Hippos have few natural predators that dare mess with them. But some brave predators will hunt vulnerable targets, and hippos have some notable defensive abilities:

  1. Hippos are preyed on mostly by lions, crocodiles, and hyenas. But attacks are rare due to the hippo’s size and aggressive defense tactics.
  2. Lions will prey on baby hippos who get separated from their pod. The lion pride can take down a solitary calf.
  3. Female hippos are fiercely protective mothers. They have been observed attacking lions and crocodiles that went after their calves.
  4. Male hippos sometimes fight off crocodiles and chase them into the water. Their huge size allows them to inflict serious damage on crocodiles.
  5. Hippos can crush objects with their strong jaws. An adult hippo’s bite force measures over 2,000 pounds per square inch.
  6. Their giant mouth and long canine teeth are used as weapons. Hippos have been known to bite crocodiles in half with their powerful jaws.
  7. They mark their territory with dung and urine.

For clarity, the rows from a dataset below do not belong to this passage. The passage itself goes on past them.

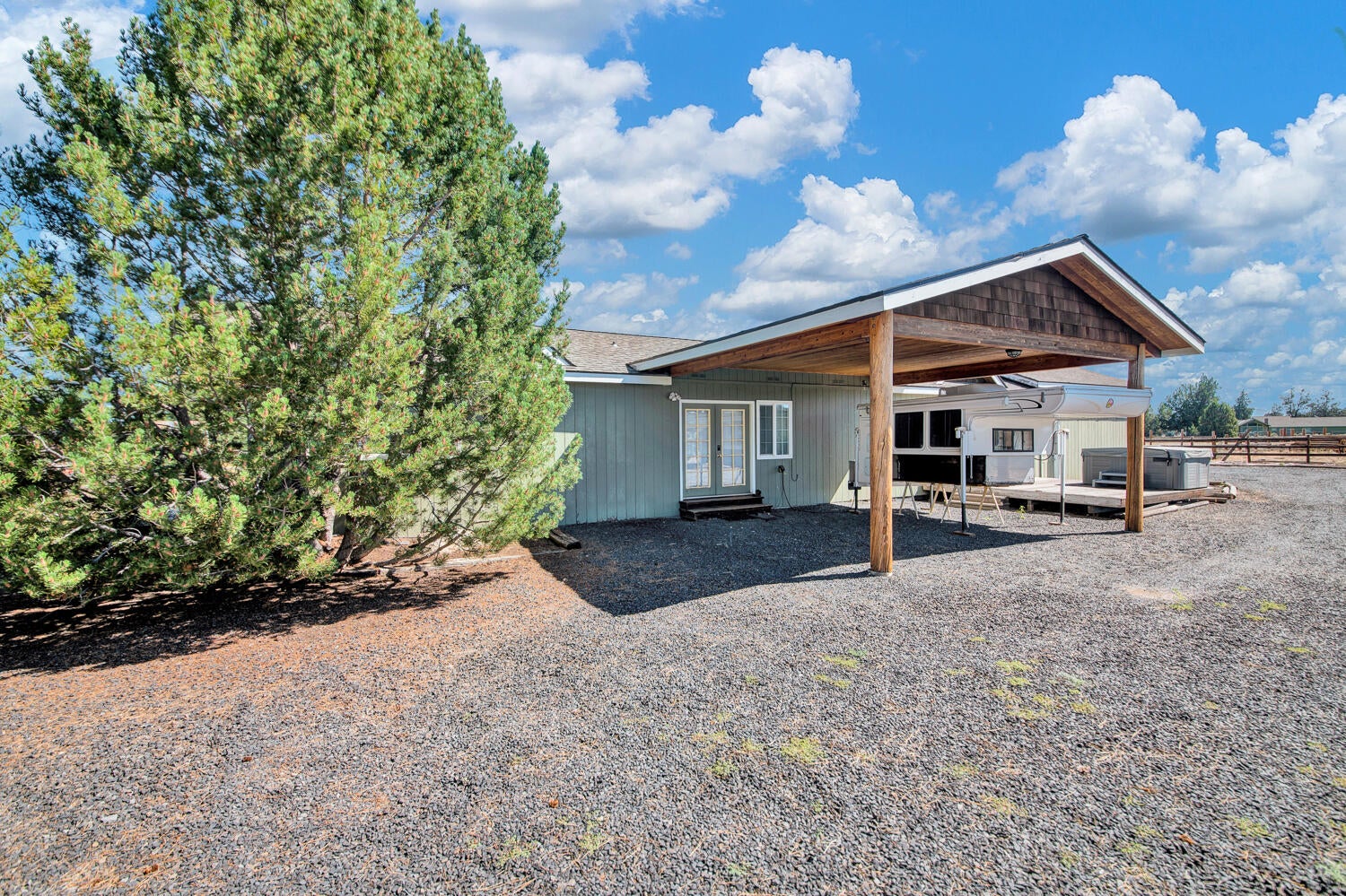 67100 Fryrear Road Bend, OR 97703 - Photo 24 of 38 24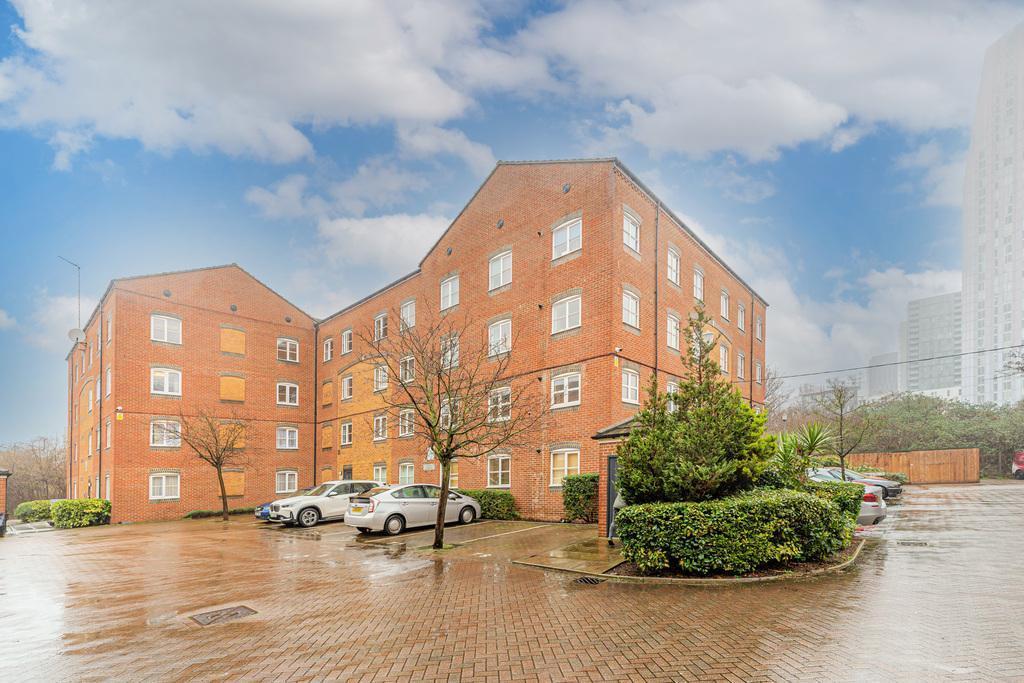 Flat Otter Close in Greater London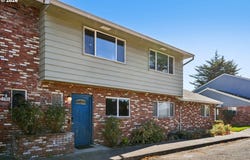 1302 NE HOGAN Dr, Gresham, OR 97030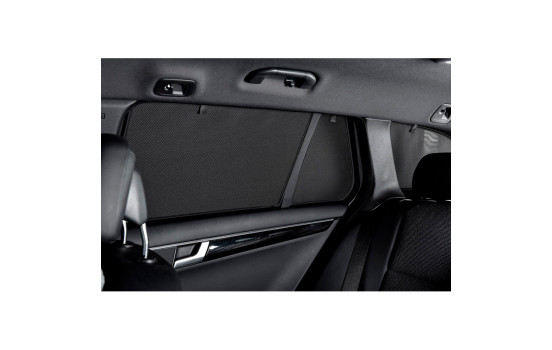 Sunshades suitable for Volkswagen Golf VIII Variant 2020- (6-piece), Image 3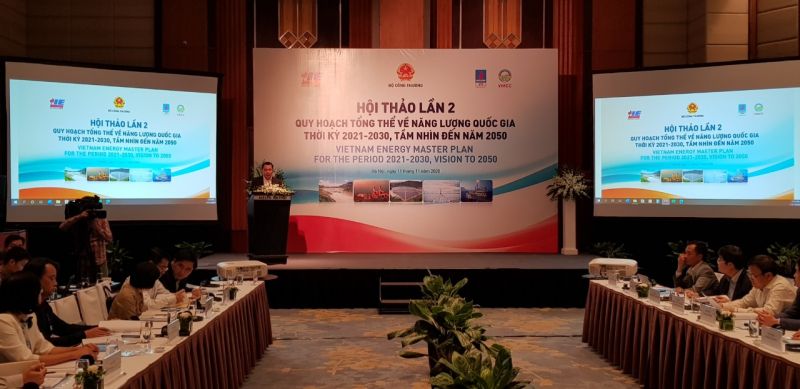 Thứ trưởng Bộ Công Thương Đặng Hoàng An phát biểu tại hội thảo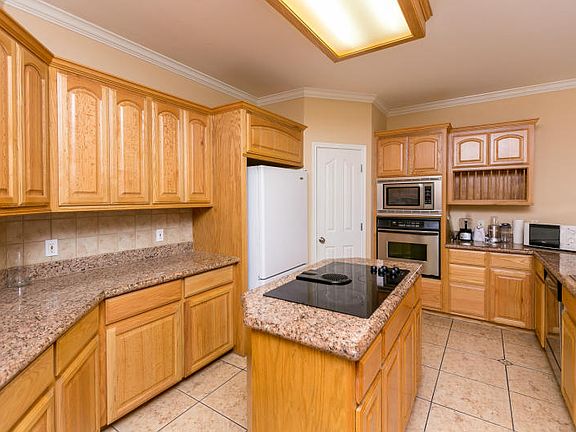 3rd image of 2529 Wishbone Ct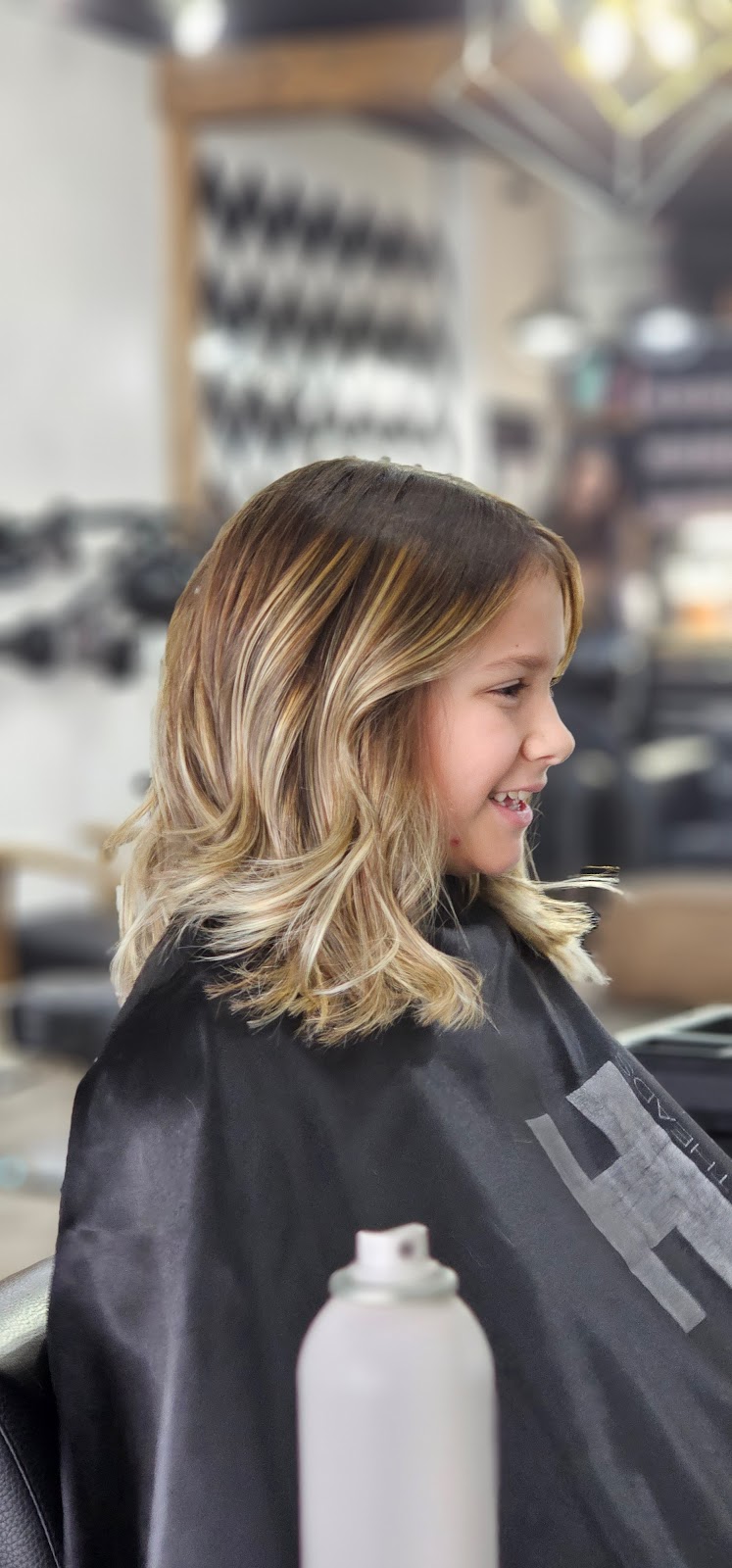 Salon Eleven Hair Co | 44A Front St, Trenton, ON K8V 4N2, Canada | Phone: (613) 955-9639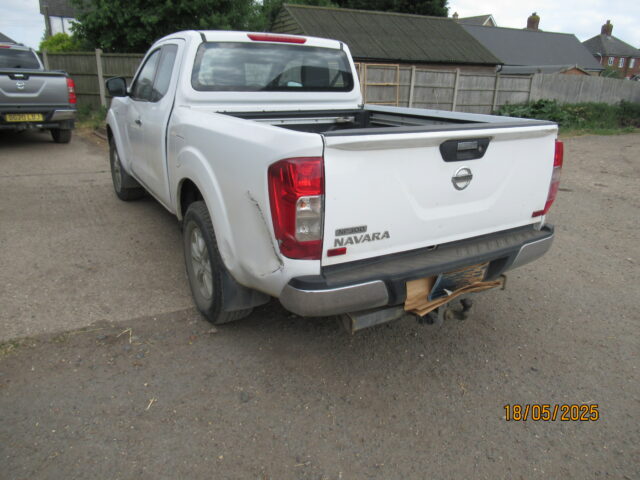 Nissan Navara NP300 pickup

Hippos spin their small tail in a propeller motion to spread excrement far and wide.

Habitat and Range

Hippos have some specific environmental needs, and their habitats have been impacted by human activity:

  1. Hippos live in sub-Saharan Africa in freshwater rivers and lakes. They are found in over 15 African countries south of the Sahara.
  2. They require permanent water deep enough to submerge in during the day. Slow-moving freshwater rivers, lakes, and swamps work best.
  3. Grassy areas near the water’s edge are needed for nighttime grazing. Hippos may graze up to 6 miles away from the water at night.
  4. Most hippos in the wild live in protected national parks and reserves. Their numbers have declined outside protected areas due to poaching and habitat loss.
  5. Droughts can lower water levels and impact hippo populations. If water levels drop too low, hippos are forced to abandon their habitat and die off in large numbers.
  6. Deforestation near bodies of water can jeopardize hippo habitats. Runoff from agriculture accelerates the water pollution that disturbs hippo environments.
  7. It’s estimated between 125,000-150,000 hippos remain in the wild. Hippo populations decreased during the late 20th century but have since stabilized.
  8. They are classified as a vulnerable species but not yet endangered. Their decreasing numbers and loss of habitat still put their future at risk.

Benefits to the Ecosystem

hippo and ecosystem
An incredible work of art generated by AI, Midjourney

From spreading nutrients to creating habitats for other wildlife, hippos are a key species:

  1. Large dung piles fertilize vegetation in water. Hippo poop contains phosphorous and nitrogen that feed fish and other aquatic life.
  2. Their daily trails make channels that divert water. Hippo pathways change water flow in swamps and redirect entire streams and rivers.
  3. Stirred-up mud from walking aerates the water—aquatic plants and fish benefit from the increased oxygen circulation.
  4. Hippos keep watering holes from becoming choked with vegetation. Their huge bodies clear thick vegetation as they walk through the water.
  5. Grazing helps stimulate grass growth and prevent overgrowth. Their nightly eating habits keep grasslands maintained.
  6. Dung piles create food sources for dung beetles and larvae. Dung beetle species rely specifically on hippo dung.

So in summary, the hippopotamus is a unique semi-aquatic creature that is well-adapted to its African habitat. Their connection to the land and water makes them an essential part of the ecosystem. Though often seen as gentle giants, hippos can be extremely aggressive and dangerous. Always keep a safe distance from these massive animals when out in the African wilderness!